◆ Directions for this task ◆
Leave out the pictures and copy every record exactly.

◆ Entries supplied ◆
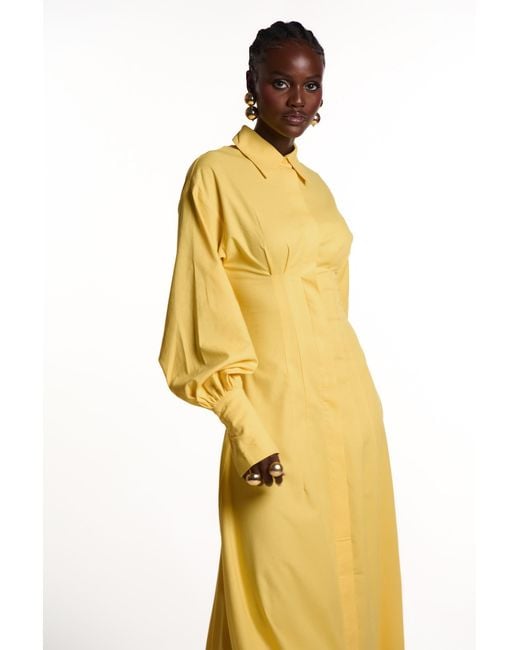 Ofuure Yellow Vera Shirt Dress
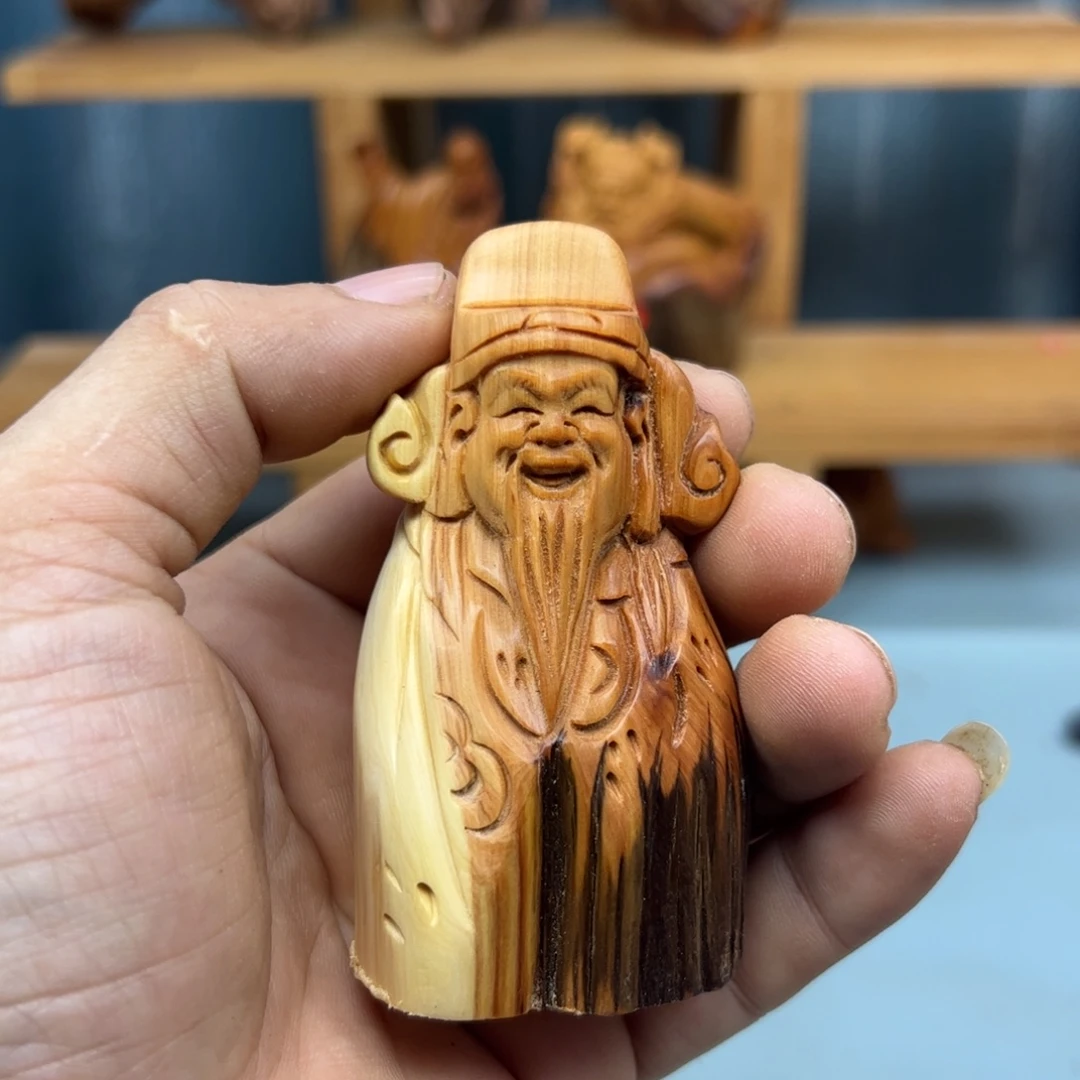 自***乐木崖柏木摆件手把件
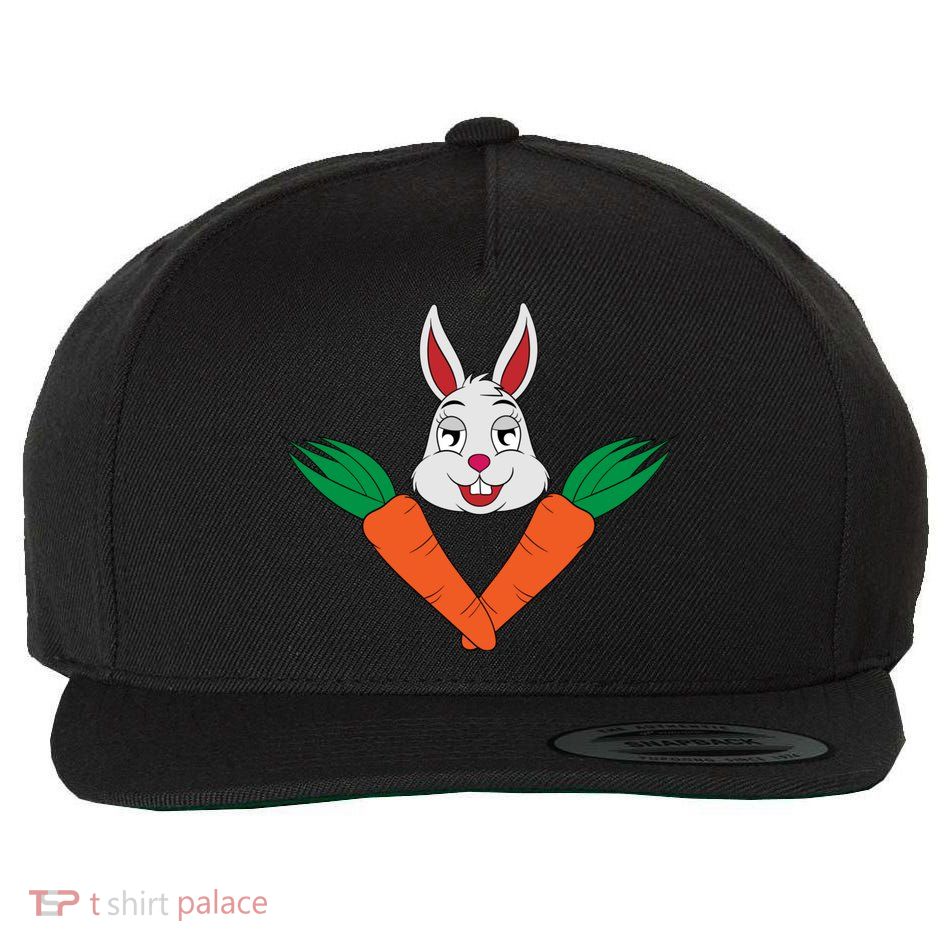 Easter Bunny Face With Carrots Gift Wool Snapback Cap
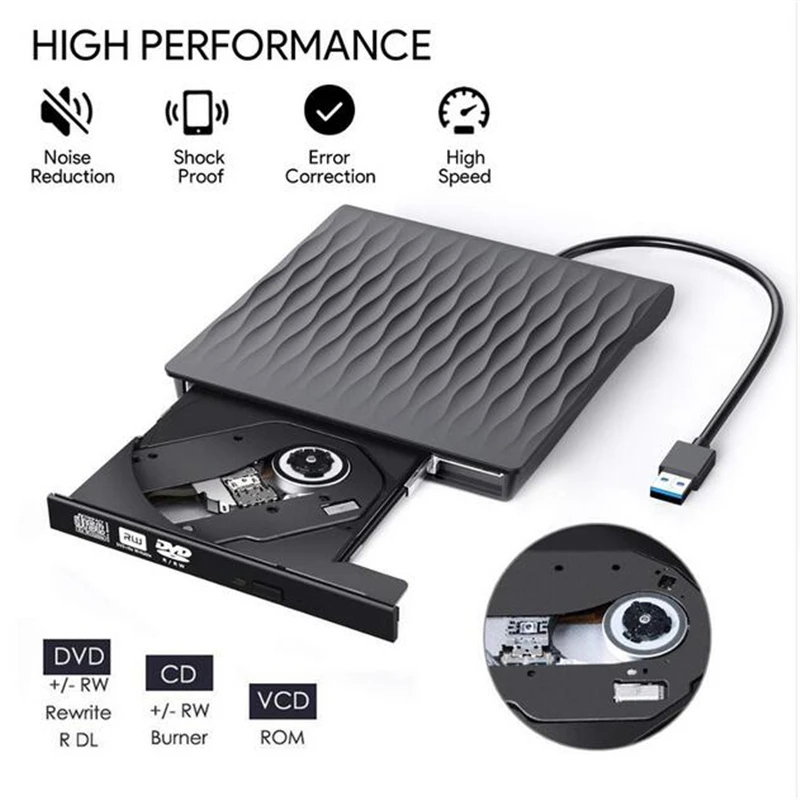 Внешний привод KuWFi для компакт дисков и DVD USB 3 0 Type C тонкий порт внешний прибор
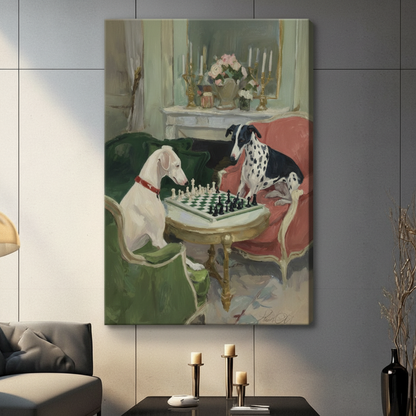 Dogs Playing Chess Classical Oil Canvas Wall Art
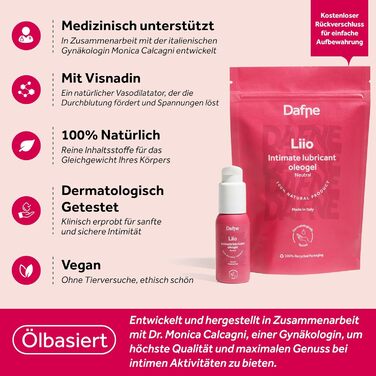 Преміальний лубрикант Розроблено спільно з провідним гінекологом Монікою Кальканьї Сприяє самопочуттю завдяки Visnadin Для жінок, чоловіків та пар Сумісний з латексом, веганський, 50 мл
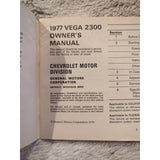 1977 Chevrolet Vega owners manual book guide operators ORIGINAL VTG SC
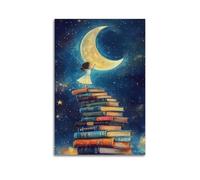 Decorazione artistica da parete con illustrazione di una torre di libro con ragazza e luna, decorazione stravagante per la camera dei bambini e la stanza dei giochi, decorazione artistica da parete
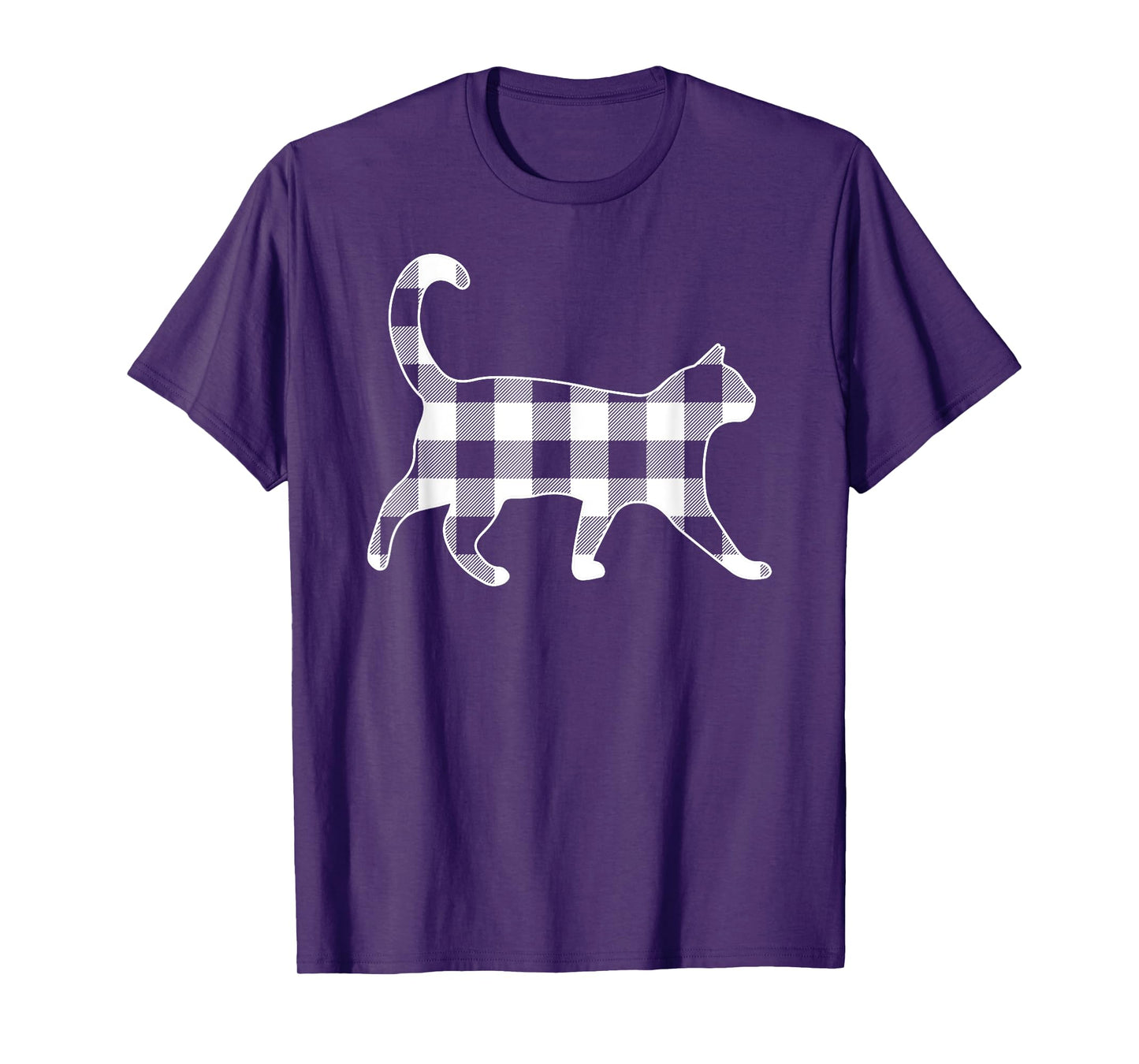 Cat Black & White Buffalo Plaid Merry Christmas T-Shirt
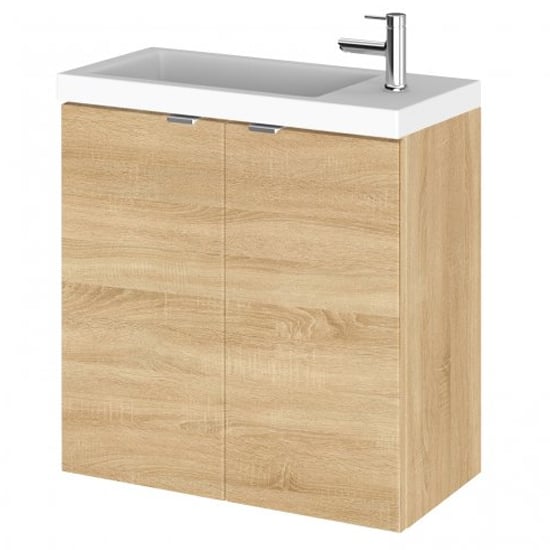 Photo of Fuji 50cm wall hung vanity unit with basin in natural oak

◆ Answer for the task ◆
 Ofuure Yellow Vera Shirt Dress
 自***乐木崖柏木摆件手把件
 Easter Bunny Face With Carrots Gift Wool Snapback Cap
 Внешний привод KuWFi для компакт дисков и DVD USB 3 0 Type C тонкий порт внешний прибор
 Dogs Playing Chess Classical Oil Canvas Wall Art
 Преміальний лубрикант Розроблено спільно з провідним гінекологом Монікою Кальканьї Сприяє самопочуттю завдяки Visnadin Для жінок, чоловіків та пар Сумісний з латексом, веганський, 50 мл
 1977 Chevrolet Vega owners manual book guide operators ORIGINAL VTG SC
 Decorazione artistica da parete con illustrazione di una torre di libro con ragazza e luna, decorazione stravagante per la camera dei bambini e la stanza dei giochi, decorazione artistica da parete
 Cat Black & White Buffalo Plaid Merry Christmas T-Shirt
 Photo of Fuji 50cm wall hung vanity unit with basin in natural oak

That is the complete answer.